Du rôle des intellectuels dans la cité républicaine. Quel rôle devrait jouer un intellectuel dans la cité ? Telle est la grande question que les sociétés, les peuples, se sont toujours posés.
S’il est permis de répondre à la première question à une clarification conceptuelle, qu’est-ce que l’intellectuel, en répondant qu’il est celui qui se lie aux masses, celui-là qui se pose continuellement de questions dont il n’a toujours pas les réponses, c’est celui-là qui s’émeut beaucoup plus dans le champ de son incompétence que dans le champ de sa compétence.
Il est alors permis de dire que l’intellectuel n’est pas seulement l’être, c’est-à-dire l’individu bardé de diplômes, mais bien celui-là doué de raison, de connaissances utiles à son peuple, à l’humanité. Aussi doit-il être actif au plan cérébral d’abord, mais aussi et surtout dans le champ de l’action pratique.
L’intellectuel doit ainsi, en d’autres termes, prendre la parole, provoquer, parler, écrire, faire voir moins pour une certaine gloriole, mais pour revendiquer à juste titre, et dans les limites de la décence, les premières et honorables places des masses laborieuses, sa principale cible.
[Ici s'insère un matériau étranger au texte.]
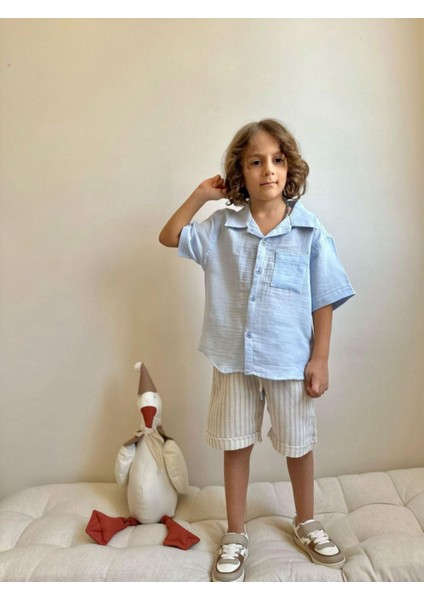Erkek Çocuk Müslin Gömlekli 2li Takım fiyatları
L’intellectuel doit éviter de tomber dans le piège sordide des malsains, d’une saisine manichéenne maudite, et entre ceux qui incarnent l’autorité et ceux que leur sont opposés.
En évitant la puissance du faux, c’est-à-dire l’idéologie revêtue du manteau de la science, il peut et doit prendre position. A ce propos, il doit lui, l’intellectuel, se distancier de la politique de la cabale contre tous ceux qui ont une lecture différentielle de la sienne. Eviter de faire des procès d’intention au détour de chaque expression.
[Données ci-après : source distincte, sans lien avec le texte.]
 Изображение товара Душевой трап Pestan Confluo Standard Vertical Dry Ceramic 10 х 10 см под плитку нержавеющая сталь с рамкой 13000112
Sous ce rapport, l’intellectuel ne doit nullement s’abaisser, au niveau des masses incultes, mais bien chercher constamment, nous disons bien chercher constamment à élever le niveau intellectuel et culturel de celles-ci sur le plan du bien-faire, sur le plan de l’activité créatrice, sur le plan de l’humiliation.
Enfin, parmi d’autres missions non moins nobles, l’intellectuel doit investir chez nous, son terroir, c’est-à-dire son environnement, sa communauté, et surtout son passé. Il s’apercevra alors de l’unanimité de beaucoup de nos préjugés. Et alors seulement, le démon sera exorcisé et ne viendra plus hanter nos rêves de grandeur, d’unité et de progrès social, économique et démocratique.